Wall Street rises again
NEW YORK (AP) — U.S. stocks climbed again on Monday as Wall Street’s wild roller- coaster ride veers back upward. The S&P 500 rose 0.6% for a second straight gain after it fell 10% below its record late last week. The Dow Jones Industrial Average climbed 353 points, or 0.9%, and the Nasdaq composite added 0.3%.
More big swings could be ahead, with a decision by the Federal Reserve on interest rates coming later in the week and worries continuing about President Donald Trump’s trade war.
Stocks have been mostly tumbling on worries that Trump’s rat -a- tat announcements on tariffs and other policies are creating so much uncertainty that they’ll push U.S. households and businesses to freeze their spending, which would hurt the economy. Surveys have shown sharp drops in confidence, and some companies are already warning about changes in behavior from their customers.
A report on Monday said U.S. retailers broadly saw weaker revenue last month than economists expected, but it may not have been quite as bad as it seemed on the surface.
Much of the shortfall in growth versus expectations was due to weaker-than-forecast sales of automobiles and lower fuel costs. Outside of them, the performance was closer to expectations.
Treasury yields initially rose immediately following the report’s release. That’s often an indication of firming confidence among bond investors about the strength of the U.S. economy, though yields quickly yo-yoed afterward through the day.
“In our view, this morning’s February retail sales report offers evidence of a limited, modest economic slowdown, rather than signaling a gathering recession,” said Jennifer Timmerman, investment strategy analyst at Wells Fargo Investment Institute.
It’s a sharp turnaround for investors even to be talking about a possible recession after the U.S. economy closed last year running at a solid rate. Excitement at the time was also building about policies coming from Trump to accelerate growth. To be sure, hiring still remains relatively healthy, and that could help keep the economy growing. But the talk about recession by itself could sap confidence.
That’s the precarious stage onto which Federal Reserve Chair Jerome Powell will step Wednesday, when he announces the Fed’s latest decision on interest rates.
Virtually no one expects the Fed to make a move Wednesday. The central bank has been keeping rates steady so far this year, preferring to see how conditions play out. Earlier, heading into the end of last year, it had been cutting rates sharply in hopes of relaxing pressure on the U.S. economy after high inflation had slowed.

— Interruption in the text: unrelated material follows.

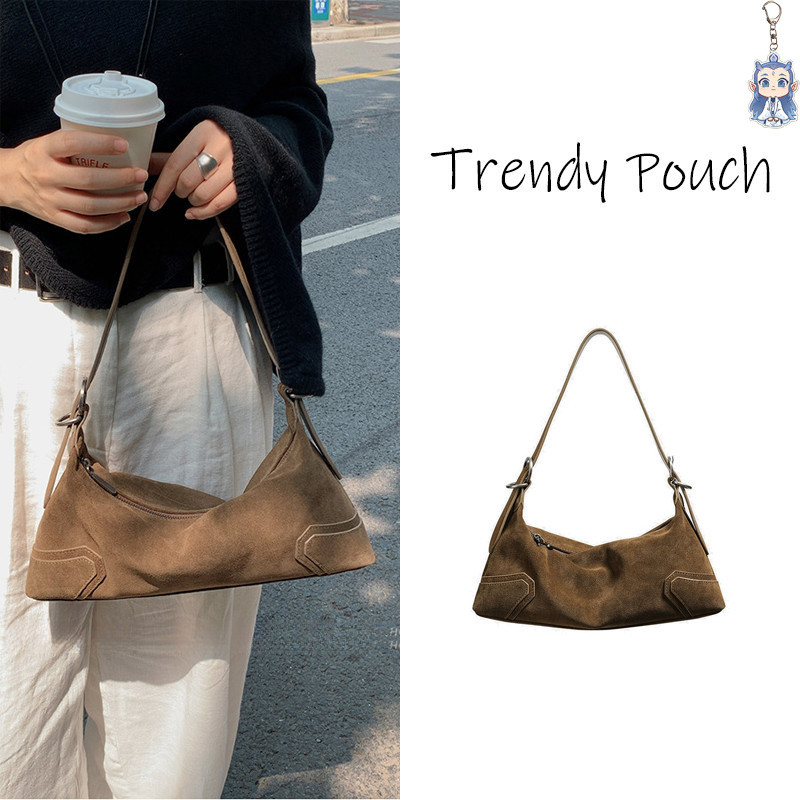 TRENDY  POUCH  กระเป๋าหนังกลับ hobo กระเป๋าสะพาย หนังนิ่ม ย้อนยุค สีน้ำตาล suede bag สวยๆ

Wall Street’s focus will be on what Powell says about the rest of the year. Expectations are still high the Fed may cut its main interest rate two or three times in 2025. The risk of cutting interest rates too quickly or aggressively is that it could push up inflation. But keeping rates too high for too long could also create unnecessary pain for the economy by slowing borrowing and overall activity.